Abstract
Non-small cell lung cancer (NSCLC) remains a significant global health burden, accounting for the majority of lung cancer–related deaths. Despite the development of targeted therapies that improve outcomes for subsets of patients with defined oncogenic drivers, such as mutations in EGFR and KRAS, the emergence of resistance remains a major clinical challenge. This is often due to the survival of small subpopulations of cancer cells, called drug-tolerant persister (DTP) cells that can reinitiate tumour growth. Therefore, new therapeutic strategies that can complement existing targeted treatments and delay or prevent resistance are urgently needed.
MicroRNAs (miRNAs) have emerged as promising therapeutic tools due to their ability to modulate entire gene networks involved in cancer progression. The miR-15/107 family, in particular, is known for its tumour-suppressive properties and is frequently downregulated in NSCLC. A recent study by Reid, G. et al. showed that a synthetic consensus miRNA mimic based on this family could effectively suppress tumour cell proliferation in mesothelioma and NSCLC models.

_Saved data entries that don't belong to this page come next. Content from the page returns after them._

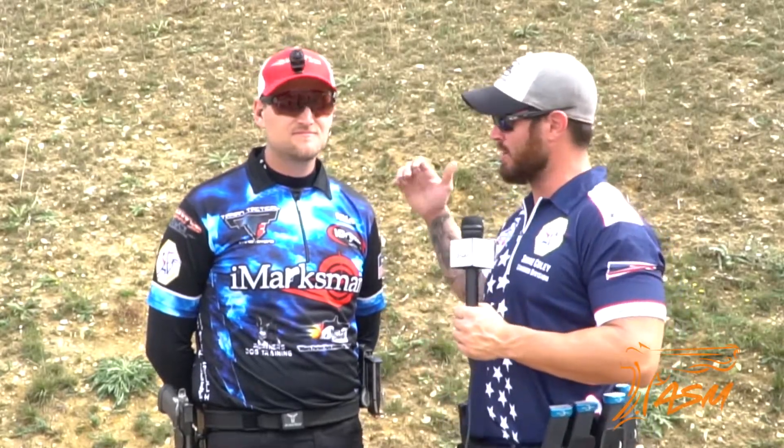Hey everyone, Shane Coley here at the 2017 World Shoot in France. We're with Adrenaline Sports Media and I've got my good friend Nils. I'd like you to tell me a little bit about the gear that you shot here at this match.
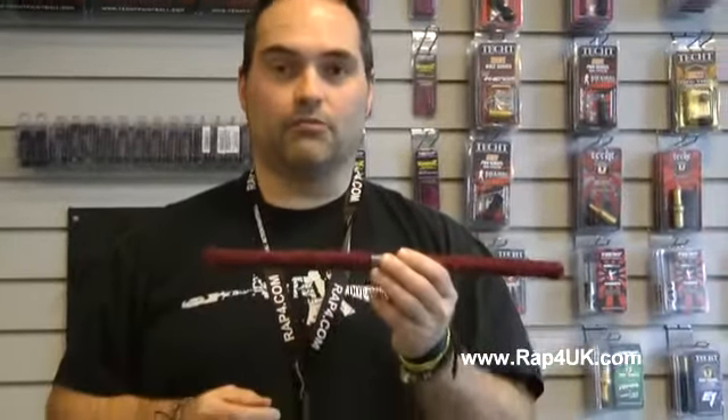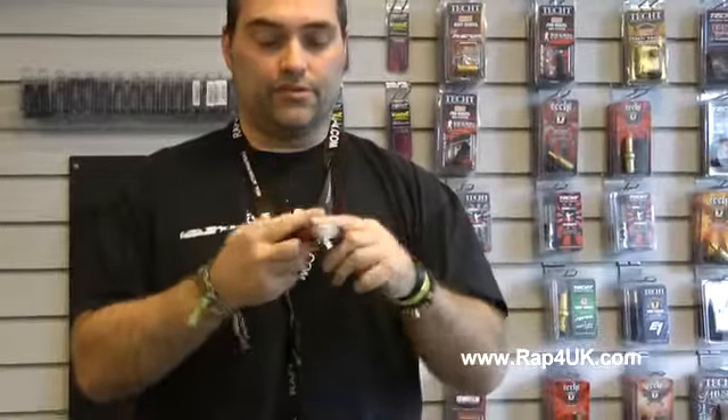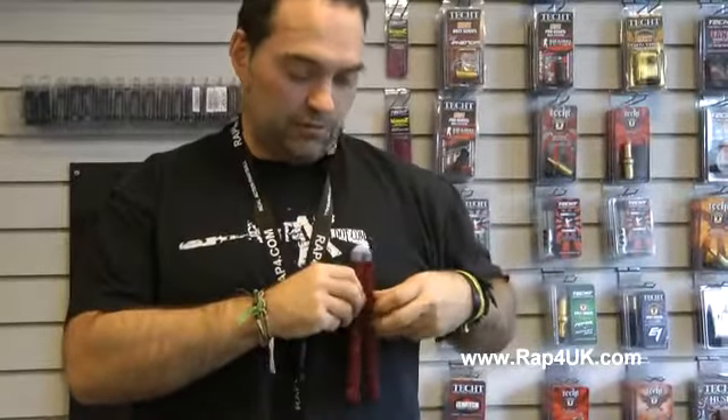Hello, today we are talking about the Battleswab, or Tiger Squeegee as we call it here at Rat4UK. Great bit of kit — flexible, so it fits into your vests, into your straps, your pouches, etc.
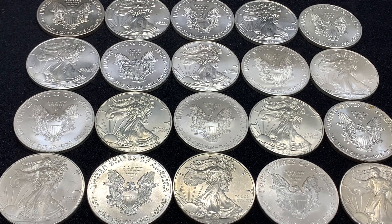Hey everyone, welcome back to Ragtag Stacking. In today's video, I want to talk a little bit about another package that has come in today, and this one contains the Type 2 American Silver Eagles that I ordered.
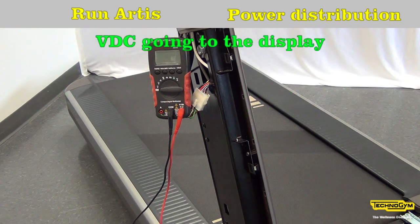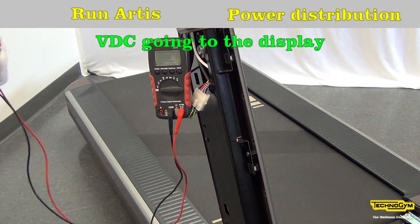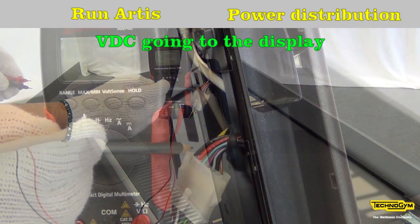In this example, you must measure between the black, which is the negative pole, and all the red wires.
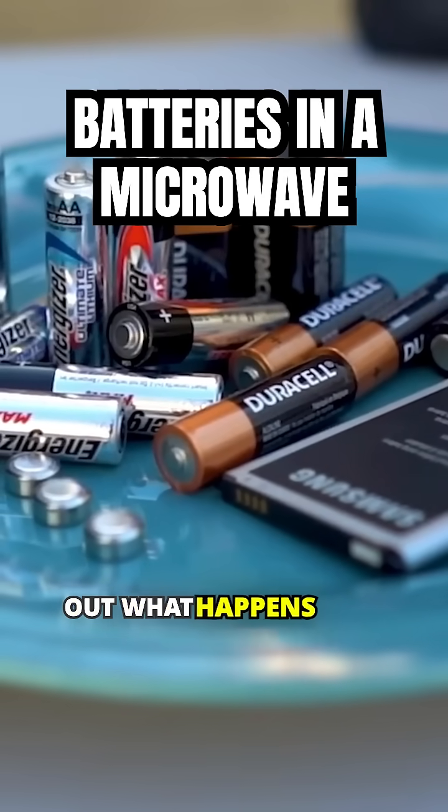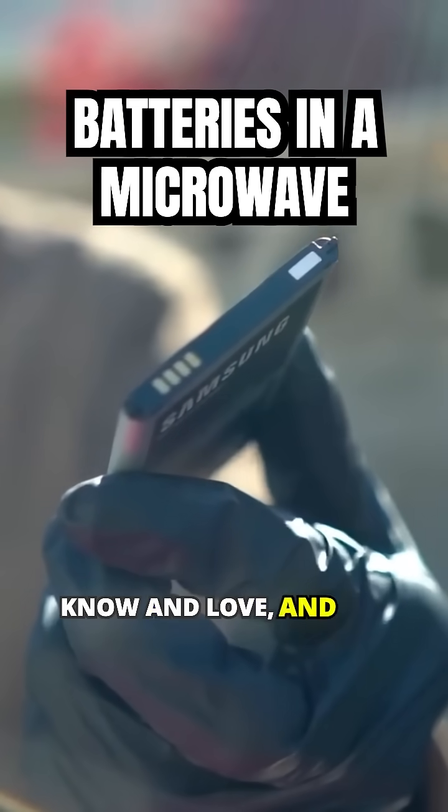In today's video, we're testing out what happens if we take batteries — the kind you know and love — and put them in a microwave.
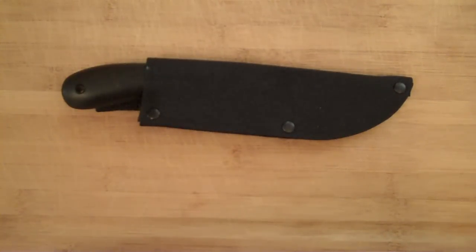Hey YouTube, Mr. RamPro here, and we've got a video on the Cold Steel Roach Belly. I've been using a knife just like this one — this is a new one — as a kitchen utility knife, and it's worked out pretty well. I just wanted to do a quick video, a couple of cutting demonstrations, and show you how it performs.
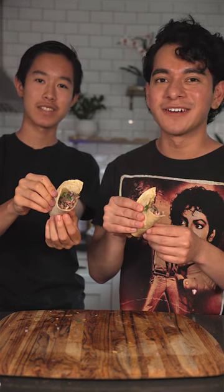Today we're making carne asada tacos. Alright, now let's chop an onion. What are you doing? I'm trying to chop an onion. Oh, here, let me do it.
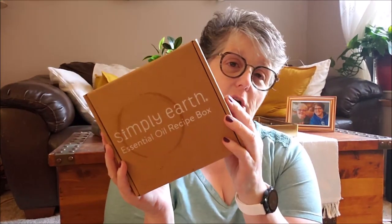What I ordered is Simply Earth. It is an essential oil recipe box. So they send you not only the oils, but the recipes, which I will show you, which is great because I'm kind of new to oils. I guess I haven't taken the time to research oils and what they're good for and what they're not good for.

However, the utility of this construct in combination with targeted therapies in NSCLC remains largely unexplored. This project aimed to evaluate the therapeutic potential of a consensus miR-15/107 mimic (conmiR-15/107) in NSCLC models, particularly in the context of targeted therapy. The construct was tested across five NSCLC cell lines with varying oncogenic drivers. Dose– response assays demonstrated that conmiR-15/107 induced robust, dose-dependent inhibition of cell viability. Combination assays revealed that the construct sensitised EGFR-mutant PC9 cells to EGFR inhibitors (osimertinib and gefitinib) as well as the MEK inhibitor trametinib in a synergistic manner. In KRAS-mutant A549 cells, sensitisation to osimertinib, erlotinib, and the MEK inhibitor trametinib was observed, though the effects were additive. KRASG12C-mutant H358 cells showed enhanced sensitivity to KRAS inhibitors sotorasib and adagrasib, with evidence of synergy.

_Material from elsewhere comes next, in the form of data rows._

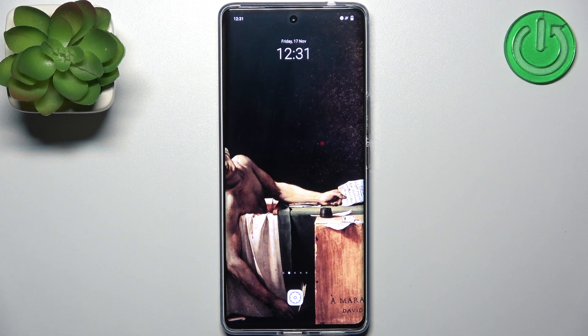Here I have the Vivo V29 and today I'm going to show you how to enter fastboot mode on this device.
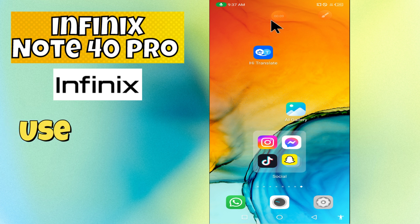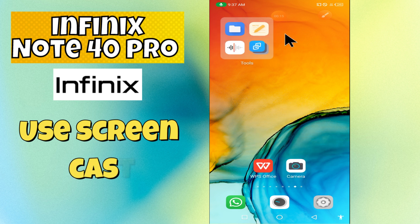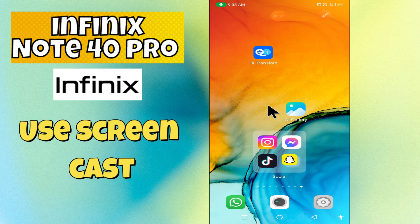Hello everyone. In today's video, I'm going to show you how to use screen mirroring on your device, the Note 40 Pro. I'm going to tell you how to enable it. But before we get started, don't forget to hit the subscribe button and ring the notification bell. Make sure to watch the complete video and learn.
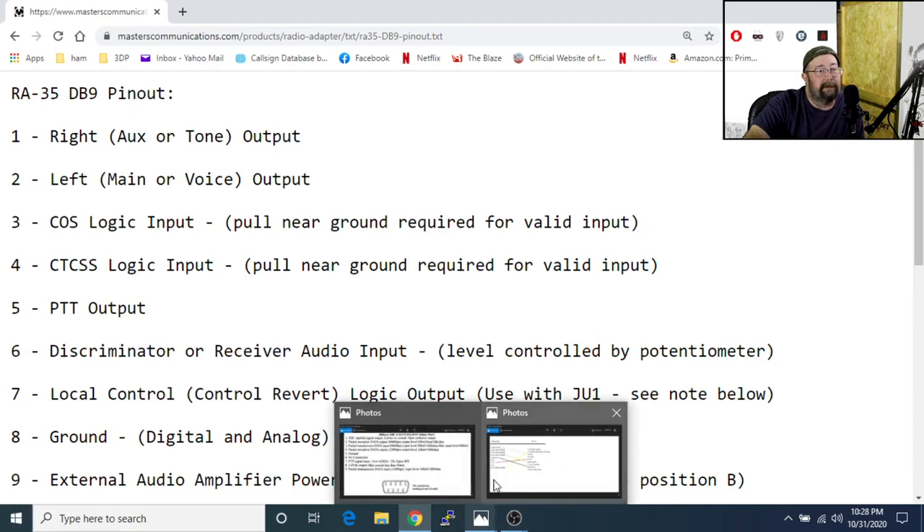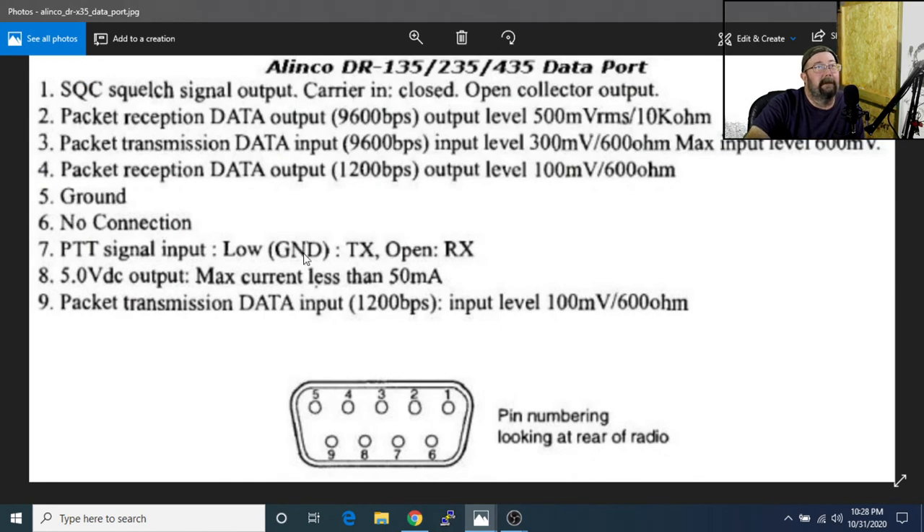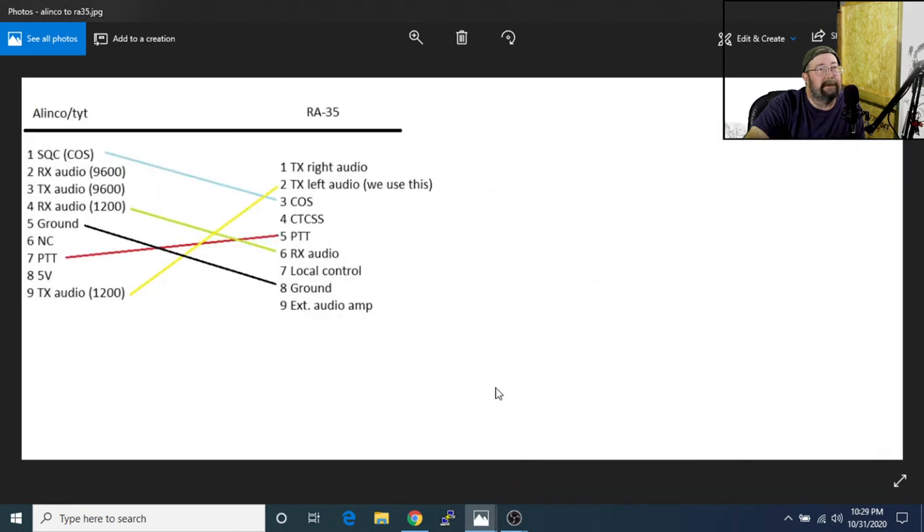Now, this here is an Elenco. We wire all of our TYTs the same as an Elenco so we can swap them around — burn one up, use another, no big deal. Here we've got our squelch. You do not want the 9600 baud — that's deeper than this conversation. We just want the 1200 baud. Packet reception at 1200 baud is our receive audio. We've got our ground, our squelch, our PTT, and packet transmission at 1200 baud is our TX.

Long-term proliferation assays indicated that conmiR-15/107 delayed the emergence of DTP cells in both osimertinib- and sotorasib-treated cultures, suggesting its potential to reduce resistance development. Molecular analyses confirmed the downregulation of several oncogenic targets at the mRNA level, including MEK1, BCL2, BRCA1, and FGFR1 in PC9 cells, with MEK1 also suppressed at the protein level in PC9 and H358 cells. These findings support a multi-target mechanism of action underlying the construct's phenotypic effects. Together, this study provides strong preclinical evidence that conmiR-15/107 enhances the efficacy of targeted therapies in NSCLC models, delays the development of resistance, and acts through the suppression of multiple cancer-relevant targets. These results warrant further investigation into conmiR-15/107 as a potential therapeutic adjunct in NSCLC.